= Work instructions =
Scan the records and identify every line in which the string "Tool" occurs, then return those lines.

= Entries taken from a collection =
--- START ---

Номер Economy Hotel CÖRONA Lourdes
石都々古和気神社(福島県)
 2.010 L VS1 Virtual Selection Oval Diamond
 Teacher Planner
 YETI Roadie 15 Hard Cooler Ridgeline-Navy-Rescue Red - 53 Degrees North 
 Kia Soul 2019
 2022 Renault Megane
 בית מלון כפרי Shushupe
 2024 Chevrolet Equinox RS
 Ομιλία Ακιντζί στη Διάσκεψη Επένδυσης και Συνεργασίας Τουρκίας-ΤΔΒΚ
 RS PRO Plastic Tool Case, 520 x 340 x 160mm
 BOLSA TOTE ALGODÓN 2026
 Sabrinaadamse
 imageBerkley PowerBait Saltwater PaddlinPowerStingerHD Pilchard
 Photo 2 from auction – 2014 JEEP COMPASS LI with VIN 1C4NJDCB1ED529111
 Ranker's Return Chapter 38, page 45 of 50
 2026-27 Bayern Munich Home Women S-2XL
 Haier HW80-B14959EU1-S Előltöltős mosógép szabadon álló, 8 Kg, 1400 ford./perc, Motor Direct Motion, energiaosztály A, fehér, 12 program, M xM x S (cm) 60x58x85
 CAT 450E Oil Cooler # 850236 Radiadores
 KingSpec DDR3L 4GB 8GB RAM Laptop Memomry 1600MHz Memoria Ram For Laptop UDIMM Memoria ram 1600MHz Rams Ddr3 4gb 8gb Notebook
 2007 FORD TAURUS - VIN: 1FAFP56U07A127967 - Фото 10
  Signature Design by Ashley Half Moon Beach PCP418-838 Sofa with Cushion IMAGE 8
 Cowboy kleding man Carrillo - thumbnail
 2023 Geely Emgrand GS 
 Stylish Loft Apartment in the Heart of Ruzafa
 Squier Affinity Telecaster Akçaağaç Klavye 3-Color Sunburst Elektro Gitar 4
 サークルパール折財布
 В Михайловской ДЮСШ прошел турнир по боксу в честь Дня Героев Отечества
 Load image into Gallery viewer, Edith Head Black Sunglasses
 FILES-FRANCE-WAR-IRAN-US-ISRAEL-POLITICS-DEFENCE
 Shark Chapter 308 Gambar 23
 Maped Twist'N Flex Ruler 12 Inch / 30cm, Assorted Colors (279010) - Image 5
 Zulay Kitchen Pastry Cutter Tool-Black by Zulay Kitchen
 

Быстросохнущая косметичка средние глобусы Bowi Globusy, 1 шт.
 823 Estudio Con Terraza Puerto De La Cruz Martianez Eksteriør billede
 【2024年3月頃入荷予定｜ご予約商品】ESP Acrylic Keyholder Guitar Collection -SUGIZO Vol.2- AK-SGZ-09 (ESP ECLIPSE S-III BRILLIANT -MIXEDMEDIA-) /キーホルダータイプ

--- END ---

= Exercise output =
 RS PRO Plastic Tool Case, 520 x 340 x 160mm
 Zulay Kitchen Pastry Cutter Tool-Black by Zulay Kitchen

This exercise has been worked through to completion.